**YOUR GOAL**
The records below are to be transcribed in full, exactly as given.

**EXERCISE INPUTS**
========

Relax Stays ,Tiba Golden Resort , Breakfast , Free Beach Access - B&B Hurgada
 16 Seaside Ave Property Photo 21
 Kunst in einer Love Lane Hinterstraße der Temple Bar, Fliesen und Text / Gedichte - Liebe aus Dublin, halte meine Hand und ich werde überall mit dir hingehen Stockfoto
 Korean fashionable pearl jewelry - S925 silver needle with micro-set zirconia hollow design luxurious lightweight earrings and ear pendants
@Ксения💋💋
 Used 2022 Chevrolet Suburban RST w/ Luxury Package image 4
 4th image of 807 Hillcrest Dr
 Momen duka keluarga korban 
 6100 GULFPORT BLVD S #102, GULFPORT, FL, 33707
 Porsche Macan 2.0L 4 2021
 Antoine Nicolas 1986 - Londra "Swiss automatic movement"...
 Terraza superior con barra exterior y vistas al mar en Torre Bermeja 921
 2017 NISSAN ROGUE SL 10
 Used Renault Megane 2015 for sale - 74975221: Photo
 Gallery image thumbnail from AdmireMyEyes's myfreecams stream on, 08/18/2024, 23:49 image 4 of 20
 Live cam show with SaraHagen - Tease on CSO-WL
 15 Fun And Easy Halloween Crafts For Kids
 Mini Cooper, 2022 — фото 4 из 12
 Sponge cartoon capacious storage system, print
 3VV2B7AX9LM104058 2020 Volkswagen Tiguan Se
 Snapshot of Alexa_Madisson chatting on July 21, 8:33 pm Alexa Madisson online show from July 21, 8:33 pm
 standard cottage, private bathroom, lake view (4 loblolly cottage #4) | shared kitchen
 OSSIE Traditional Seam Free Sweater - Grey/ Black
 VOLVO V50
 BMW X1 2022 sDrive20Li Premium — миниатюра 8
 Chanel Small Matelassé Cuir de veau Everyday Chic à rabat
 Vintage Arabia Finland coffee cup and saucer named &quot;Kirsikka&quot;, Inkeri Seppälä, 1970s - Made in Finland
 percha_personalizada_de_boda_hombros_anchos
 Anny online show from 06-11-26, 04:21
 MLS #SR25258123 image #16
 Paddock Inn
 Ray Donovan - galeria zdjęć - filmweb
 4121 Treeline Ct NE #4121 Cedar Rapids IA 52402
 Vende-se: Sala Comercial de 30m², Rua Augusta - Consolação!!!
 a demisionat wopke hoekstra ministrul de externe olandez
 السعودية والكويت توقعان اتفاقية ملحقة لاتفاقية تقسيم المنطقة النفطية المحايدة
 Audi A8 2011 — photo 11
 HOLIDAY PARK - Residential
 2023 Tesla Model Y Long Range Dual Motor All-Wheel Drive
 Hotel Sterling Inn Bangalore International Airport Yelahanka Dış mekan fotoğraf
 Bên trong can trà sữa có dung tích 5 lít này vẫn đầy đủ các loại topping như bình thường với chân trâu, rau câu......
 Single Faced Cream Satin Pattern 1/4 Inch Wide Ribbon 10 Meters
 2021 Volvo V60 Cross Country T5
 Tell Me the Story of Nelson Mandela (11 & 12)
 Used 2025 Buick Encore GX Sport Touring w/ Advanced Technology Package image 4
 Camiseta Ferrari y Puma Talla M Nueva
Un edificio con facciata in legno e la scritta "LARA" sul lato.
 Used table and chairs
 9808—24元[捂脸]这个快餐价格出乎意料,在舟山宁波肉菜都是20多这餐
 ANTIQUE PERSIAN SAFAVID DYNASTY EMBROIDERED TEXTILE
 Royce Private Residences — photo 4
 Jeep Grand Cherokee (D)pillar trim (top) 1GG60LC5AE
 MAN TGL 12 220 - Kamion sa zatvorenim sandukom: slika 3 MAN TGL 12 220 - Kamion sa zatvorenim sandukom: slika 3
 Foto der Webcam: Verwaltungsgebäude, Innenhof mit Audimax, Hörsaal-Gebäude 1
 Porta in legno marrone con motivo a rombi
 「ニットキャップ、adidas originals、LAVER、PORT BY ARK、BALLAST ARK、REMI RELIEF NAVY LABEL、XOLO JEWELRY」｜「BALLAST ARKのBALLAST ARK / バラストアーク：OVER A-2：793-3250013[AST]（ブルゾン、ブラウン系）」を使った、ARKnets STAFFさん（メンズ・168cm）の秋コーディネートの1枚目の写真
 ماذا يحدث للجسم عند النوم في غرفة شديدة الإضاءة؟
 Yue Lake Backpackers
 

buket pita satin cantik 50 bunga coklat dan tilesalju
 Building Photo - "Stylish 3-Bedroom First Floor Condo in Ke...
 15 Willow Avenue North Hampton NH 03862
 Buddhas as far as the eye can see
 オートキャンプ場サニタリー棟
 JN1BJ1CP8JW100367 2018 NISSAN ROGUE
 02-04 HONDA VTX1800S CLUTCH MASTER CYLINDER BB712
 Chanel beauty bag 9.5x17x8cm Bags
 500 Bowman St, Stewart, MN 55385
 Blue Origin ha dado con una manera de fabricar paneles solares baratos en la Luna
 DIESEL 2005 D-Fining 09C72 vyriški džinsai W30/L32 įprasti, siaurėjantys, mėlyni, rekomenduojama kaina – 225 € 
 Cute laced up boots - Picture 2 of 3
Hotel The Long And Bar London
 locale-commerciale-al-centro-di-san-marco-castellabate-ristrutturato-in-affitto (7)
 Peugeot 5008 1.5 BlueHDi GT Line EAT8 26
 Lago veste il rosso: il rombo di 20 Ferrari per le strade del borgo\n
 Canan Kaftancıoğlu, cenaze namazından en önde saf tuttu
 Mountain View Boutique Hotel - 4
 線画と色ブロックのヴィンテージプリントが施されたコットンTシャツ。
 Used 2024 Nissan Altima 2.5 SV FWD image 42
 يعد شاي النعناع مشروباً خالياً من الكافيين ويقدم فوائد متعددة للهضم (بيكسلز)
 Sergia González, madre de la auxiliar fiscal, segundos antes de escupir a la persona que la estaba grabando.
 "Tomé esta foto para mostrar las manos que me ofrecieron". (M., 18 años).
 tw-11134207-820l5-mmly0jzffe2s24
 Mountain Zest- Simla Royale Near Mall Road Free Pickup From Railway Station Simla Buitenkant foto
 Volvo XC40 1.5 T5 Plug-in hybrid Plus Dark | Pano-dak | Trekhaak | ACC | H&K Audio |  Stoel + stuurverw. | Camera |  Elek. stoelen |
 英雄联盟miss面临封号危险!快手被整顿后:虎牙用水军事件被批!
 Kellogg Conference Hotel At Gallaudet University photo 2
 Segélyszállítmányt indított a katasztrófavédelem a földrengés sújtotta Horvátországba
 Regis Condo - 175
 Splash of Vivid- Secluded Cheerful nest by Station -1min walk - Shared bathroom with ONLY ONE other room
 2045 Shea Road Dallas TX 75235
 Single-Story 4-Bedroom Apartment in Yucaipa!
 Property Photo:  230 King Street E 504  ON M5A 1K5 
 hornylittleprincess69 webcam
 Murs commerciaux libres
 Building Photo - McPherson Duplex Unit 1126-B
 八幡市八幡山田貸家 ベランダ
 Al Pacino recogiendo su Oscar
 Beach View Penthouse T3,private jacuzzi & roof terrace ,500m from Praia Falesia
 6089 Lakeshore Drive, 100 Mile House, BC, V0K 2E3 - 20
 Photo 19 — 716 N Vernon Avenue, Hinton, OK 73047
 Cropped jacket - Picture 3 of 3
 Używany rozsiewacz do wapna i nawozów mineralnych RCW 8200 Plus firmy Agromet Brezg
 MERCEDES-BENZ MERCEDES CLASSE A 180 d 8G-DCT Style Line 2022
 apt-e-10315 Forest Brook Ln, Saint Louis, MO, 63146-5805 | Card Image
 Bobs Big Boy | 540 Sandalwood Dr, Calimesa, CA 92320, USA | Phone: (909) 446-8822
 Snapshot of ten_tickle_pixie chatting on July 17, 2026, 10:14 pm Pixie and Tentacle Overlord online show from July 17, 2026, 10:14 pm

========

**SOLVED EXERCISE**
Relax Stays ,Tiba Golden Resort , Breakfast , Free Beach Access - B&B Hurgada
 16 Seaside Ave Property Photo 21
 Kunst in einer Love Lane Hinterstraße der Temple Bar, Fliesen und Text / Gedichte - Liebe aus Dublin, halte meine Hand und ich werde überall mit dir hingehen Stockfoto
 Korean fashionable pearl jewelry - S925 silver needle with micro-set zirconia hollow design luxurious lightweight earrings and ear pendants
@Ксения💋💋
 Used 2022 Chevrolet Suburban RST w/ Luxury Package image 4
 4th image of 807 Hillcrest Dr
 Momen duka keluarga korban 
 6100 GULFPORT BLVD S #102, GULFPORT, FL, 33707
 Porsche Macan 2.0L 4 2021
 Antoine Nicolas 1986 - Londra "Swiss automatic movement"...
 Terraza superior con barra exterior y vistas al mar en Torre Bermeja 921
 2017 NISSAN ROGUE SL 10
 Used Renault Megane 2015 for sale - 74975221: Photo
 Gallery image thumbnail from AdmireMyEyes's myfreecams stream on, 08/18/2024, 23:49 image 4 of 20
 Live cam show with SaraHagen - Tease on CSO-WL
 15 Fun And Easy Halloween Crafts For Kids
 Mini Cooper, 2022 — фото 4 из 12
 Sponge cartoon capacious storage system, print
 3VV2B7AX9LM104058 2020 Volkswagen Tiguan Se
 Snapshot of Alexa_Madisson chatting on July 21, 8:33 pm Alexa Madisson online show from July 21, 8:33 pm
 standard cottage, private bathroom, lake view (4 loblolly cottage #4) | shared kitchen
 OSSIE Traditional Seam Free Sweater - Grey/ Black
 VOLVO V50
 BMW X1 2022 sDrive20Li Premium — миниатюра 8
 Chanel Small Matelassé Cuir de veau Everyday Chic à rabat
 Vintage Arabia Finland coffee cup and saucer named &quot;Kirsikka&quot;, Inkeri Seppälä, 1970s - Made in Finland
 percha_personalizada_de_boda_hombros_anchos
 Anny online show from 06-11-26, 04:21
 MLS #SR25258123 image #16
 Paddock Inn
 Ray Donovan - galeria zdjęć - filmweb
 4121 Treeline Ct NE #4121 Cedar Rapids IA 52402
 Vende-se: Sala Comercial de 30m², Rua Augusta - Consolação!!!
 a demisionat wopke hoekstra ministrul de externe olandez
 السعودية والكويت توقعان اتفاقية ملحقة لاتفاقية تقسيم المنطقة النفطية المحايدة
 Audi A8 2011 — photo 11
 HOLIDAY PARK - Residential
 2023 Tesla Model Y Long Range Dual Motor All-Wheel Drive
 Hotel Sterling Inn Bangalore International Airport Yelahanka Dış mekan fotoğraf
 Bên trong can trà sữa có dung tích 5 lít này vẫn đầy đủ các loại topping như bình thường với chân trâu, rau câu......
 Single Faced Cream Satin Pattern 1/4 Inch Wide Ribbon 10 Meters
 2021 Volvo V60 Cross Country T5
 Tell Me the Story of Nelson Mandela (11 & 12)
 Used 2025 Buick Encore GX Sport Touring w/ Advanced Technology Package image 4
 Camiseta Ferrari y Puma Talla M Nueva
Un edificio con facciata in legno e la scritta "LARA" sul lato.
 Used table and chairs
 9808—24元[捂脸]这个快餐价格出乎意料,在舟山宁波肉菜都是20多这餐
 ANTIQUE PERSIAN SAFAVID DYNASTY EMBROIDERED TEXTILE
 Royce Private Residences — photo 4
 Jeep Grand Cherokee (D)pillar trim (top) 1GG60LC5AE
 MAN TGL 12 220 - Kamion sa zatvorenim sandukom: slika 3 MAN TGL 12 220 - Kamion sa zatvorenim sandukom: slika 3
 Foto der Webcam: Verwaltungsgebäude, Innenhof mit Audimax, Hörsaal-Gebäude 1
 Porta in legno marrone con motivo a rombi
 「ニットキャップ、adidas originals、LAVER、PORT BY ARK、BALLAST ARK、REMI RELIEF NAVY LABEL、XOLO JEWELRY」｜「BALLAST ARKのBALLAST ARK / バラストアーク：OVER A-2：793-3250013[AST]（ブルゾン、ブラウン系）」を使った、ARKnets STAFFさん（メンズ・168cm）の秋コーディネートの1枚目の写真
 ماذا يحدث للجسم عند النوم في غرفة شديدة الإضاءة؟
 Yue Lake Backpackers
 

buket pita satin cantik 50 bunga coklat dan tilesalju
 Building Photo - "Stylish 3-Bedroom First Floor Condo in Ke...
 15 Willow Avenue North Hampton NH 03862
 Buddhas as far as the eye can see
 オートキャンプ場サニタリー棟
 JN1BJ1CP8JW100367 2018 NISSAN ROGUE
 02-04 HONDA VTX1800S CLUTCH MASTER CYLINDER BB712
 Chanel beauty bag 9.5x17x8cm Bags
 500 Bowman St, Stewart, MN 55385
 Blue Origin ha dado con una manera de fabricar paneles solares baratos en la Luna
 DIESEL 2005 D-Fining 09C72 vyriški džinsai W30/L32 įprasti, siaurėjantys, mėlyni, rekomenduojama kaina – 225 € 
 Cute laced up boots - Picture 2 of 3
Hotel The Long And Bar London
 locale-commerciale-al-centro-di-san-marco-castellabate-ristrutturato-in-affitto (7)
 Peugeot 5008 1.5 BlueHDi GT Line EAT8 26
 Lago veste il rosso: il rombo di 20 Ferrari per le strade del borgo\n
 Canan Kaftancıoğlu, cenaze namazından en önde saf tuttu
 Mountain View Boutique Hotel - 4
 線画と色ブロックのヴィンテージプリントが施されたコットンTシャツ。
 Used 2024 Nissan Altima 2.5 SV FWD image 42
 يعد شاي النعناع مشروباً خالياً من الكافيين ويقدم فوائد متعددة للهضم (بيكسلز)
 Sergia González, madre de la auxiliar fiscal, segundos antes de escupir a la persona que la estaba grabando.
 "Tomé esta foto para mostrar las manos que me ofrecieron". (M., 18 años).
 tw-11134207-820l5-mmly0jzffe2s24
 Mountain Zest- Simla Royale Near Mall Road Free Pickup From Railway Station Simla Buitenkant foto
 Volvo XC40 1.5 T5 Plug-in hybrid Plus Dark | Pano-dak | Trekhaak | ACC | H&K Audio |  Stoel + stuurverw. | Camera |  Elek. stoelen |
 英雄联盟miss面临封号危险!快手被整顿后:虎牙用水军事件被批!
 Kellogg Conference Hotel At Gallaudet University photo 2
 Segélyszállítmányt indított a katasztrófavédelem a földrengés sújtotta Horvátországba
 Regis Condo - 175
 Splash of Vivid- Secluded Cheerful nest by Station -1min walk - Shared bathroom with ONLY ONE other room
 2045 Shea Road Dallas TX 75235
 Single-Story 4-Bedroom Apartment in Yucaipa!
 Property Photo:  230 King Street E 504  ON M5A 1K5 
 hornylittleprincess69 webcam
 Murs commerciaux libres
 Building Photo - McPherson Duplex Unit 1126-B
 八幡市八幡山田貸家 ベランダ
 Al Pacino recogiendo su Oscar
 Beach View Penthouse T3,private jacuzzi & roof terrace ,500m from Praia Falesia
 6089 Lakeshore Drive, 100 Mile House, BC, V0K 2E3 - 20
 Photo 19 — 716 N Vernon Avenue, Hinton, OK 73047
 Cropped jacket - Picture 3 of 3
 Używany rozsiewacz do wapna i nawozów mineralnych RCW 8200 Plus firmy Agromet Brezg
 MERCEDES-BENZ MERCEDES CLASSE A 180 d 8G-DCT Style Line 2022
 apt-e-10315 Forest Brook Ln, Saint Louis, MO, 63146-5805 | Card Image
 Bobs Big Boy | 540 Sandalwood Dr, Calimesa, CA 92320, USA | Phone: (909) 446-8822
 Snapshot of ten_tickle_pixie chatting on July 17, 2026, 10:14 pm Pixie and Tentacle Overlord online show from July 17, 2026, 10:14 pm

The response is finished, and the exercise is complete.